EXERCISE DESCRIPTION → Please transcribe the listing below with every word intact.

DATASET →
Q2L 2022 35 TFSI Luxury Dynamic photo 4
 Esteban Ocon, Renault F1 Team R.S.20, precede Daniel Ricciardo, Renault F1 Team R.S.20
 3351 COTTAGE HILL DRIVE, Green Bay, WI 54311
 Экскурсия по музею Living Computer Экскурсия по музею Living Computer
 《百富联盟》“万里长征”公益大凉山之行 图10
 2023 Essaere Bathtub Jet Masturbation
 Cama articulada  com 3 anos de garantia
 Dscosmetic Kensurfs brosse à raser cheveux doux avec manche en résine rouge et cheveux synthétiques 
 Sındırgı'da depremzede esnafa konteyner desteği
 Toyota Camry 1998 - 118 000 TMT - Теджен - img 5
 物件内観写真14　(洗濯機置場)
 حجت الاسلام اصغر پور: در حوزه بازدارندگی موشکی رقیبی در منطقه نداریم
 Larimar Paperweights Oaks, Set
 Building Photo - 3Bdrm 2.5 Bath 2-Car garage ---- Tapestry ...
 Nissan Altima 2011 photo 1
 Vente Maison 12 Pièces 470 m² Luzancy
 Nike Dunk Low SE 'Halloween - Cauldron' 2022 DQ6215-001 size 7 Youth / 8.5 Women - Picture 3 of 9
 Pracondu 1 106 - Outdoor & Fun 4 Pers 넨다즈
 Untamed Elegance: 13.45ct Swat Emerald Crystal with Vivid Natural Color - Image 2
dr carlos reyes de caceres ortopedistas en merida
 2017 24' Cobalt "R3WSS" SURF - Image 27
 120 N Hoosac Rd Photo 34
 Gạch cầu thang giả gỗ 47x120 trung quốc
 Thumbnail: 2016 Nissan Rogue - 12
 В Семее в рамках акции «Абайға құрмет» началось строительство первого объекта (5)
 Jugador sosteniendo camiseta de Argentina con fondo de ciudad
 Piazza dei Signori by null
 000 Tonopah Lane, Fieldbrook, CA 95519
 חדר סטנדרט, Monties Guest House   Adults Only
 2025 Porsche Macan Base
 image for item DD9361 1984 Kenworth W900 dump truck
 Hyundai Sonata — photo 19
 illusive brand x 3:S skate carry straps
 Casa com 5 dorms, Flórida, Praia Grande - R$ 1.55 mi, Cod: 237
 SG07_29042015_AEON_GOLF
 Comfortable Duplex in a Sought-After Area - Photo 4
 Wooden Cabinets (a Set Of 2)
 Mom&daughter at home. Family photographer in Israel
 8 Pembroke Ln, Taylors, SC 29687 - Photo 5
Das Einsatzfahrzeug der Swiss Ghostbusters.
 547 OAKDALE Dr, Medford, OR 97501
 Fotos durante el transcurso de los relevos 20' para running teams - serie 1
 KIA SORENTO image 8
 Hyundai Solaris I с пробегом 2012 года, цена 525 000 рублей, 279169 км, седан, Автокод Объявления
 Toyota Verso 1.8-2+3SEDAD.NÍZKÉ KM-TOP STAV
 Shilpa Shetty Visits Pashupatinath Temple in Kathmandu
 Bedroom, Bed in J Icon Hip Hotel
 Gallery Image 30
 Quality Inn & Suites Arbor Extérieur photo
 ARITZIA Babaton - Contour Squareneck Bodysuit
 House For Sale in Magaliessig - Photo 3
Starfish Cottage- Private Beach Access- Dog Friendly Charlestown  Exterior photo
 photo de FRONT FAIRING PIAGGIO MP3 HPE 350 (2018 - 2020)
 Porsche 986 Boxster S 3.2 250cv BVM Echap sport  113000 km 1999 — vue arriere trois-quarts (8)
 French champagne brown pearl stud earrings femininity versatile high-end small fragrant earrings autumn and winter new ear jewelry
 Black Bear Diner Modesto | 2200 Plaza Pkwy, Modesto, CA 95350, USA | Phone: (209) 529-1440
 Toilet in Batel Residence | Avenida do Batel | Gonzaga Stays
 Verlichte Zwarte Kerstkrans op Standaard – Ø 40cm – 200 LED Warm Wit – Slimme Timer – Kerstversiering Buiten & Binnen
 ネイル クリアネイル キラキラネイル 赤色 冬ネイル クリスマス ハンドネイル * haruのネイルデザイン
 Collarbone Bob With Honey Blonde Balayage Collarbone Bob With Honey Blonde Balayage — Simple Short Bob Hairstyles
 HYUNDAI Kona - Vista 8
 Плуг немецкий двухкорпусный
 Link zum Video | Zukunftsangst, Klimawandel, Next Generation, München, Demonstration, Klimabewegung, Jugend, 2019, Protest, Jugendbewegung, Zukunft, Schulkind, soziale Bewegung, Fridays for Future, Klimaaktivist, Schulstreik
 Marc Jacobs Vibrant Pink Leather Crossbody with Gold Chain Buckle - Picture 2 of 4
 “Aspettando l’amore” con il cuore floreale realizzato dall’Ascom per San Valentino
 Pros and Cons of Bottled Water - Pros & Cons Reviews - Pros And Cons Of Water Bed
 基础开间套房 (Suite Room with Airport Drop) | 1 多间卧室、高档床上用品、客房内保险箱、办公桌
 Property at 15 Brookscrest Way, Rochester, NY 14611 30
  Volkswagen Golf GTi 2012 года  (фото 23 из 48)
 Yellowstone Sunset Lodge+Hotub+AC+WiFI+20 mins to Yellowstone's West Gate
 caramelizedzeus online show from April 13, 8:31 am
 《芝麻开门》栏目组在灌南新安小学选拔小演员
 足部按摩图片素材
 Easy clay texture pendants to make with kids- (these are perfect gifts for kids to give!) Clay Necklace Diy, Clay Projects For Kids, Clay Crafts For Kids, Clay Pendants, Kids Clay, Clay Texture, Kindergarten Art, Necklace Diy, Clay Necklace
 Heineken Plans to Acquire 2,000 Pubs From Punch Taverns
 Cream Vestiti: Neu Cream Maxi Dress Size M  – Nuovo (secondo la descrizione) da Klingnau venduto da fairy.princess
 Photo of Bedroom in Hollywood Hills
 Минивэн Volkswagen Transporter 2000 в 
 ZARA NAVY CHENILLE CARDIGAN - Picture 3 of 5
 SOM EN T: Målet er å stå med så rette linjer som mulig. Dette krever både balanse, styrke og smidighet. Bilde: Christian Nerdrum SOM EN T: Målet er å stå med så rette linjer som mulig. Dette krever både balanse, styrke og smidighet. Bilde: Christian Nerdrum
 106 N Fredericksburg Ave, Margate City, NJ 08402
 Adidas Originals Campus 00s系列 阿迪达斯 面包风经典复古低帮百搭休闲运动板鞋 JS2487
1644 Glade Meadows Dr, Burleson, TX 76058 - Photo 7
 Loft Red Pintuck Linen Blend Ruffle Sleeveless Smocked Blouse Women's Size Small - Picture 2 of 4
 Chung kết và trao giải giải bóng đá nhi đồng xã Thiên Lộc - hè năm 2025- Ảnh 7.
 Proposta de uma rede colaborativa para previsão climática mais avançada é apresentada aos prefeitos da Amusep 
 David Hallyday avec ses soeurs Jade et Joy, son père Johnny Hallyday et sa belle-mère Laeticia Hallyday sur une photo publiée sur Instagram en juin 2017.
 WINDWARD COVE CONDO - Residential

ANSWER BELOW →
Q2L 2022 35 TFSI Luxury Dynamic photo 4
 Esteban Ocon, Renault F1 Team R.S.20, precede Daniel Ricciardo, Renault F1 Team R.S.20
 3351 COTTAGE HILL DRIVE, Green Bay, WI 54311
 Экскурсия по музею Living Computer Экскурсия по музею Living Computer
 《百富联盟》“万里长征”公益大凉山之行 图10
 2023 Essaere Bathtub Jet Masturbation
 Cama articulada  com 3 anos de garantia
 Dscosmetic Kensurfs brosse à raser cheveux doux avec manche en résine rouge et cheveux synthétiques 
 Sındırgı'da depremzede esnafa konteyner desteği
 Toyota Camry 1998 - 118 000 TMT - Теджен - img 5
 物件内観写真14　(洗濯機置場)
 حجت الاسلام اصغر پور: در حوزه بازدارندگی موشکی رقیبی در منطقه نداریم
 Larimar Paperweights Oaks, Set
 Building Photo - 3Bdrm 2.5 Bath 2-Car garage ---- Tapestry ...
 Nissan Altima 2011 photo 1
 Vente Maison 12 Pièces 470 m² Luzancy
 Nike Dunk Low SE 'Halloween - Cauldron' 2022 DQ6215-001 size 7 Youth / 8.5 Women - Picture 3 of 9
 Pracondu 1 106 - Outdoor & Fun 4 Pers 넨다즈
 Untamed Elegance: 13.45ct Swat Emerald Crystal with Vivid Natural Color - Image 2
dr carlos reyes de caceres ortopedistas en merida
 2017 24' Cobalt "R3WSS" SURF - Image 27
 120 N Hoosac Rd Photo 34
 Gạch cầu thang giả gỗ 47x120 trung quốc
 Thumbnail: 2016 Nissan Rogue - 12
 В Семее в рамках акции «Абайға құрмет» началось строительство первого объекта (5)
 Jugador sosteniendo camiseta de Argentina con fondo de ciudad
 Piazza dei Signori by null
 000 Tonopah Lane, Fieldbrook, CA 95519
 חדר סטנדרט, Monties Guest House   Adults Only
 2025 Porsche Macan Base
 image for item DD9361 1984 Kenworth W900 dump truck
 Hyundai Sonata — photo 19
 illusive brand x 3:S skate carry straps
 Casa com 5 dorms, Flórida, Praia Grande - R$ 1.55 mi, Cod: 237
 SG07_29042015_AEON_GOLF
 Comfortable Duplex in a Sought-After Area - Photo 4
 Wooden Cabinets (a Set Of 2)
 Mom&daughter at home. Family photographer in Israel
 8 Pembroke Ln, Taylors, SC 29687 - Photo 5
Das Einsatzfahrzeug der Swiss Ghostbusters.
 547 OAKDALE Dr, Medford, OR 97501
 Fotos durante el transcurso de los relevos 20' para running teams - serie 1
 KIA SORENTO image 8
 Hyundai Solaris I с пробегом 2012 года, цена 525 000 рублей, 279169 км, седан, Автокод Объявления
 Toyota Verso 1.8-2+3SEDAD.NÍZKÉ KM-TOP STAV
 Shilpa Shetty Visits Pashupatinath Temple in Kathmandu
 Bedroom, Bed in J Icon Hip Hotel
 Gallery Image 30
 Quality Inn & Suites Arbor Extérieur photo
 ARITZIA Babaton - Contour Squareneck Bodysuit
 House For Sale in Magaliessig - Photo 3
Starfish Cottage- Private Beach Access- Dog Friendly Charlestown  Exterior photo
 photo de FRONT FAIRING PIAGGIO MP3 HPE 350 (2018 - 2020)
 Porsche 986 Boxster S 3.2 250cv BVM Echap sport  113000 km 1999 — vue arriere trois-quarts (8)
 French champagne brown pearl stud earrings femininity versatile high-end small fragrant earrings autumn and winter new ear jewelry
 Black Bear Diner Modesto | 2200 Plaza Pkwy, Modesto, CA 95350, USA | Phone: (209) 529-1440
 Toilet in Batel Residence | Avenida do Batel | Gonzaga Stays
 Verlichte Zwarte Kerstkrans op Standaard – Ø 40cm – 200 LED Warm Wit – Slimme Timer – Kerstversiering Buiten & Binnen
 ネイル クリアネイル キラキラネイル 赤色 冬ネイル クリスマス ハンドネイル * haruのネイルデザイン
 Collarbone Bob With Honey Blonde Balayage Collarbone Bob With Honey Blonde Balayage — Simple Short Bob Hairstyles
 HYUNDAI Kona - Vista 8
 Плуг немецкий двухкорпусный
 Link zum Video | Zukunftsangst, Klimawandel, Next Generation, München, Demonstration, Klimabewegung, Jugend, 2019, Protest, Jugendbewegung, Zukunft, Schulkind, soziale Bewegung, Fridays for Future, Klimaaktivist, Schulstreik
 Marc Jacobs Vibrant Pink Leather Crossbody with Gold Chain Buckle - Picture 2 of 4
 “Aspettando l’amore” con il cuore floreale realizzato dall’Ascom per San Valentino
 Pros and Cons of Bottled Water - Pros & Cons Reviews - Pros And Cons Of Water Bed
 基础开间套房 (Suite Room with Airport Drop) | 1 多间卧室、高档床上用品、客房内保险箱、办公桌
 Property at 15 Brookscrest Way, Rochester, NY 14611 30
  Volkswagen Golf GTi 2012 года  (фото 23 из 48)
 Yellowstone Sunset Lodge+Hotub+AC+WiFI+20 mins to Yellowstone's West Gate
 caramelizedzeus online show from April 13, 8:31 am
 《芝麻开门》栏目组在灌南新安小学选拔小演员
 足部按摩图片素材
 Easy clay texture pendants to make with kids- (these are perfect gifts for kids to give!) Clay Necklace Diy, Clay Projects For Kids, Clay Crafts For Kids, Clay Pendants, Kids Clay, Clay Texture, Kindergarten Art, Necklace Diy, Clay Necklace
 Heineken Plans to Acquire 2,000 Pubs From Punch Taverns
 Cream Vestiti: Neu Cream Maxi Dress Size M  – Nuovo (secondo la descrizione) da Klingnau venduto da fairy.princess
 Photo of Bedroom in Hollywood Hills
 Минивэн Volkswagen Transporter 2000 в 
 ZARA NAVY CHENILLE CARDIGAN - Picture 3 of 5
 SOM EN T: Målet er å stå med så rette linjer som mulig. Dette krever både balanse, styrke og smidighet. Bilde: Christian Nerdrum SOM EN T: Målet er å stå med så rette linjer som mulig. Dette krever både balanse, styrke og smidighet. Bilde: Christian Nerdrum
 106 N Fredericksburg Ave, Margate City, NJ 08402
 Adidas Originals Campus 00s系列 阿迪达斯 面包风经典复古低帮百搭休闲运动板鞋 JS2487
1644 Glade Meadows Dr, Burleson, TX 76058 - Photo 7
 Loft Red Pintuck Linen Blend Ruffle Sleeveless Smocked Blouse Women's Size Small - Picture 2 of 4
 Chung kết và trao giải giải bóng đá nhi đồng xã Thiên Lộc - hè năm 2025- Ảnh 7.
 Proposta de uma rede colaborativa para previsão climática mais avançada é apresentada aos prefeitos da Amusep 
 David Hallyday avec ses soeurs Jade et Joy, son père Johnny Hallyday et sa belle-mère Laeticia Hallyday sur une photo publiée sur Instagram en juin 2017.
 WINDWARD COVE CONDO - Residential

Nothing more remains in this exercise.